1938 senesinde duydum.
“Bilgelik sokaklarda bağırdı, sesini genel yerlerde duyurdu. Düşüncesizleri bırakın beriye dönsünler, anlamaktan aciz olanlara söylerim.” Bu demektir ki; kişi Yaradan ile bir olmakla ödüllendirilirse, Kutsal Şehina (Kutsallık) ona der ki, “daha önce aptal olmalısın”, bu gerçekten öyle olduğu için değildir. Bunun sebebi, kalpsiz olmasıdır. Bunun için şunu söyleriz: “Ve hepsi O’nun, inancın Tanrısı olduğuna inanırlar.”
Bu demektir ki; daha sonra, biz asıl Dvekut (bir olmak) ile ödüllendirildiğimizde, bu aptallık olarak görülmez, buna akıl üzeri inanç demem gerekir. Üstelik kişinin çalışması sonucunda edindiği hissiyatı, bu çalışmanın mantık dâhilinde olduğunu söylese bile kişinin bu çalışmanın mantık ötesi olduğuna inanması gereklidir. Aksine; daha önce mantığının onu hizmet etmeye zorlamadığını gördü ve daha sonra mantık ötesi çalışmak zorunda kaldı ve bunun içinde gerçek bir mantık var dedi. Bunun anlamı, bu hizmetin asıl gerçeklik olduğuna inanıyor demektir.

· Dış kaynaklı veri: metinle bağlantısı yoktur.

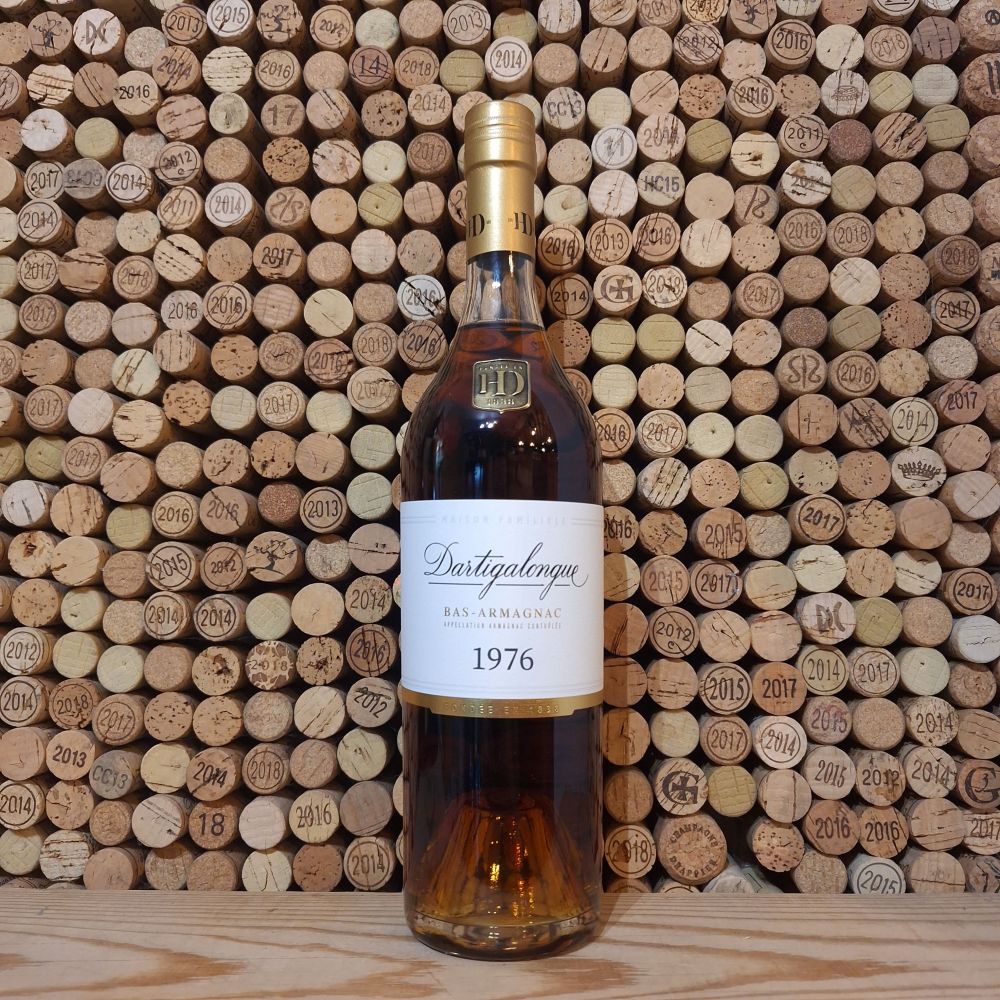 Bas Armagnac Dartigalongue 1976 70cl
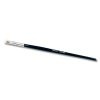 Belini Black Filbert Makeup Brush Synthetic Fibre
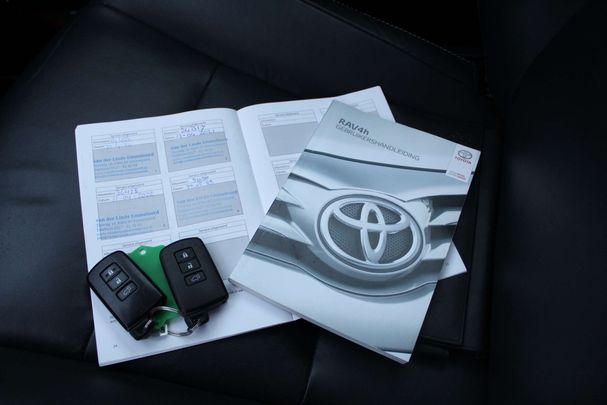 Toyota RAV 4 2.5 Hybrid Executive 145 kW image number 24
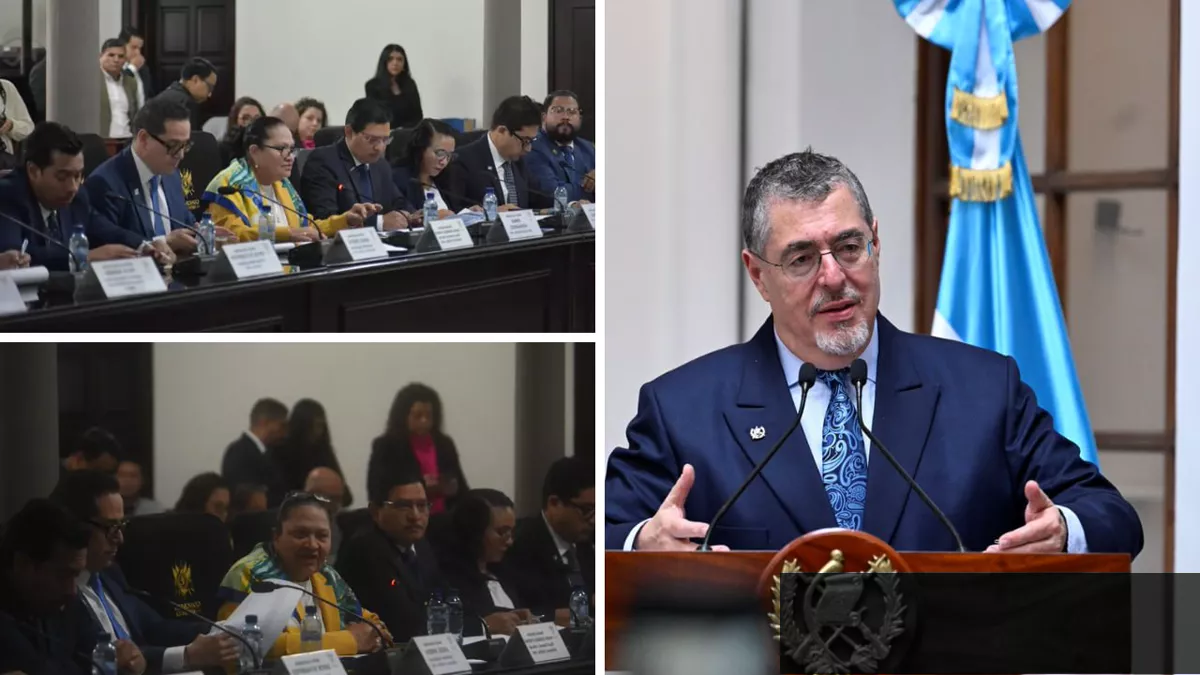 Arévalo anuncia nueva etapa de justicia en Guatemala con cambio de fiscal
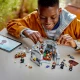 LEGO bájitaltan osztály, Roxfort bájitaltanterem LEGO, Professzor Perselus Piton LEGO, Hermione Granger LEGO, Pansy Parkinson LEGO, Seamus Finnigan LEGO, LEGO Roxfort Portrék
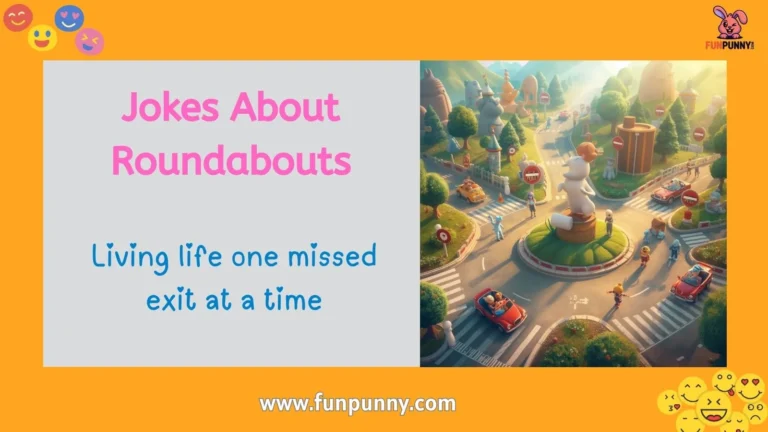 Jokes About Roundabouts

Ve sonra bunun tam tersidir; bütün çalışmaları onu, onun aklını mecbur eder. Diğer bir deyişle, Dvekut onu çalışmaya yöneltir. Ancak, mantık içinde gördüğü her şeyin mantık ötesi olduğuna inanır. Bu daha önce böyle değildi; mantık ötesi formda olan her şeyin mantık içinde olması.